Estamos mais acostumados a mover-nos em situações de insegurança e com questões em que as certezas são escassas. No dia dos atentados de Paris eu estava em San Sebastián, onde trabalho, na fronteira com a França. Vivi muitos anos em França, é quase o meu segundo país, tenho lá muitos amigos, estive na Sorbonne. Eu diria que passada a efervescência do primeiro impacto - a contraposição simplificada que se fez entre "nós" e "eles", a "civilização" e "os muçulmanos" - temos de fazer uma certa reflexão e pensar que "nós" estamos bastante divididos. Em França há uma expressão que é o "rassemblement", o reunir-se, como aconteceu na manifestação do dia 11 de Janeiro. São momentos mágicos criados por uma emoção. Mas no dia seguinte temos de voltar às discussões sobre como equilibrar liberdade e segurança. Sobre a manifestação de Paris é possível dizer: "nem éramos todos os que estávamos nem estávamos todos os que éramos". Havia gente que não estava na manifestação - Le Pen e o seu partido e não vou agora entrar na discussão sobre de quem era a culpa - e certos líderes que estavam lá não eram apresentáveis. São companhias que eu não quero ter.

Está a falar de que companhias em concreto?

Estiveram líderes de países onde há jornalistas presos. Putin, Erdogan e os Emiratos... São pessoas e países cuja forma de vida eu não partilho. Depois, fazem- -se muitas simplificações. Fala-se do "mundo muçulmano"como se isso fosse um bloco. Mas estes homens vivem na Europa, movem-se nas redes sociais e acostumaram-se à típica exaltação ocidental da violência nos meios de comunicação social. Eles estão muito mais integrados nas redes sociais do que nos seus lugares de culto, as mesquitas. Uma grande parte deste jovens são conversos, muitos não falavam a língua árabe. E quando vão para a Síria combater, os primeiros a avisar a polícia são os seus pais. Eles são vistos pelos pais como gente que representa uma ruptura face à tradição muçulmana e não a encarnação óptima do muçulmano. Quando eles matam, também matam um muçulmano, como foi o caso de um dos polícias assassinados.

Em 2012, em Toulouse, mataram uma polícia que também era muçulmana. Há uma fractura profunda no interior do mundo muçulmano e não é só entre xiitas e sunitas no Médio Oriente. Penso que cometeremos um erro grave se fizermos uma contraposição entre comunidades...

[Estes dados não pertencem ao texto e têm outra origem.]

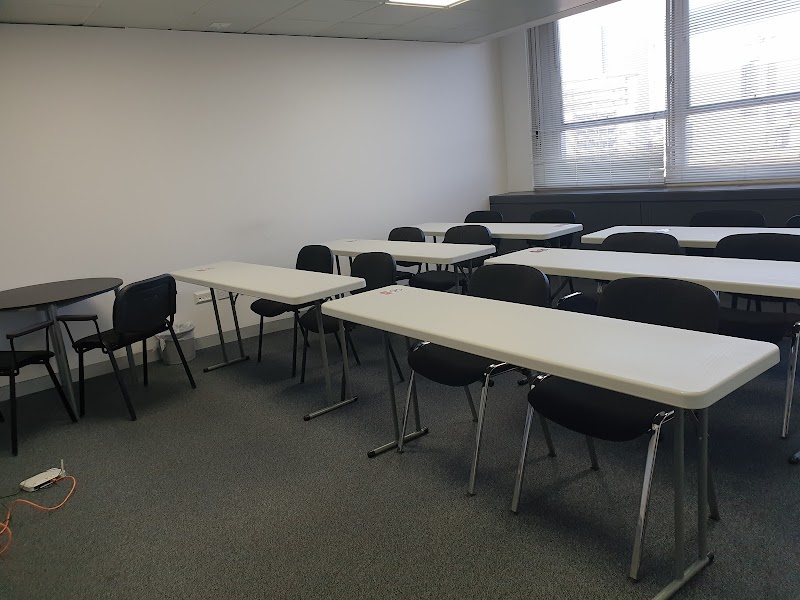 Bizniz Point Stratford photo 2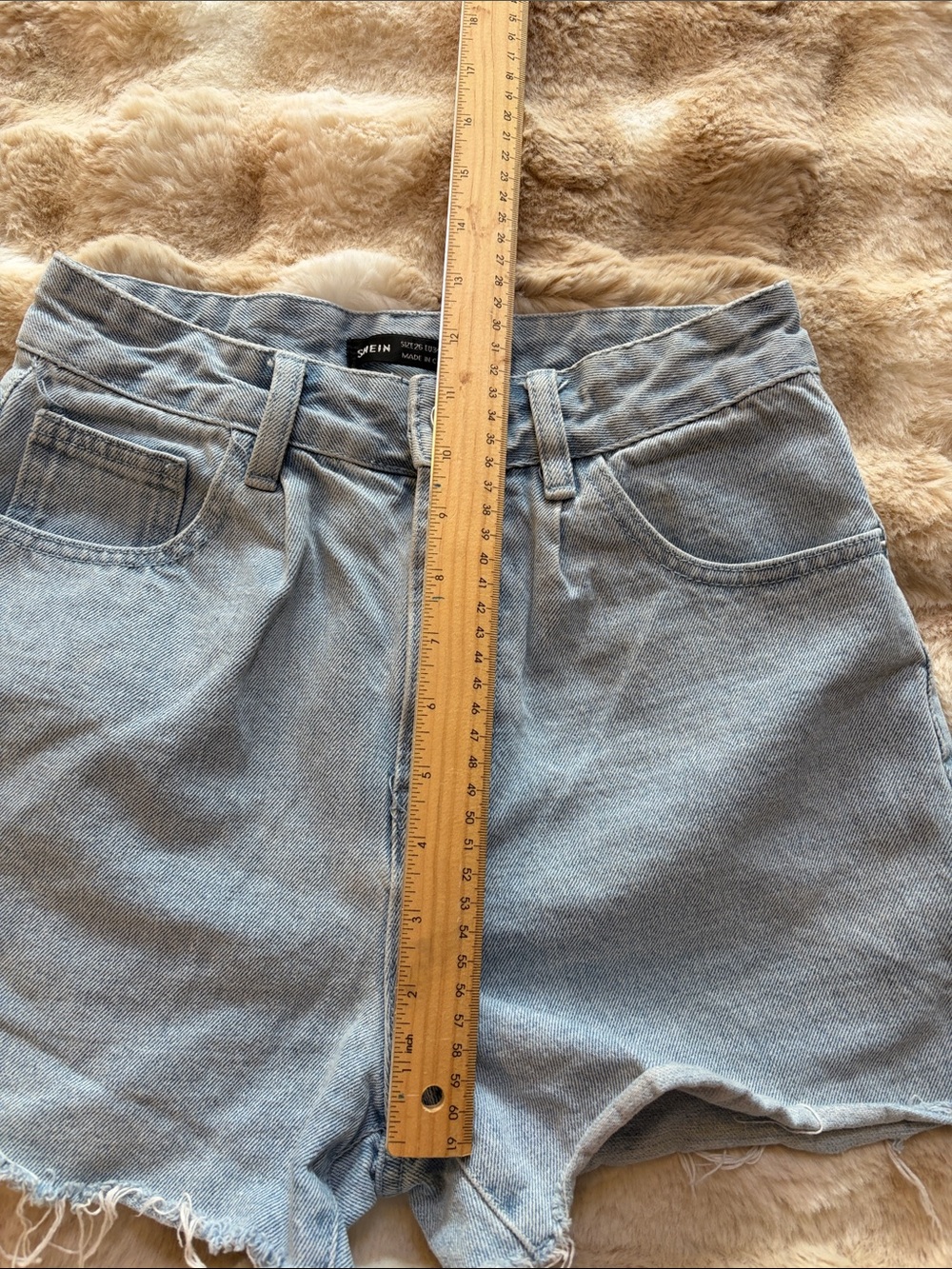 SHEIN light wash high waist shorts raw hem size 26/US size 2 - Picture 6 of 8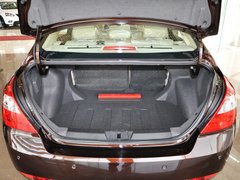 2013款 1.8L 手动 三厢 尊贵型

Cultura europeia versus comunidades muçulmanas?

Essa contraposição não é boa para se perceber o que se está a passar. Os líderes políticos, perante um acontecimento tão dramático como o que se passou, optam pela agitação instantânea, endurecendo as penas, por exemplo. Consideraram o caso um problema de falta de segurança e acham que se resolve com mais dureza. Mas não é um problema que se resolva com mais repressão, provavelmente com mais colaboração, informação...

A maior repressão também condiciona as liberdades europeias de que nos orgulhamos...

Estamos a trabalhar num terreno muito delicado. Seria um triunfo póstumo do terrorismo a fragilização de Schengen e o que significa Schengen para a Europa. De certo modo, já o estão a conseguir. Eu penso que não lhes devíamos dar essa vitória, não a merecem.

Os ministros do Interior dos países europeus já falam em rever Schengen. É já uma vitória?

Quero crer que é uma vitória no plano retórico, não real. Admito que a seguir aos atentados os ministros do Interior utilizem esse tipo de retórica. Mas acredito que a cidadania é maior e entendemos mensagens um bocadinho mais sofisticadas. Não nos deviam tratar como estúpidos. Deviam dizer com clareza que vivemos no mundo que, a respeito destas questões, envolve riscos, e não pôr a solução numa maior repressão e num maior controlo. Este não é um problema que exista por falta de repressão, de castigo. É consequência da nossa incapacidade de dar resposta a partes da população europeia que estão muito desesperadas com a situação social.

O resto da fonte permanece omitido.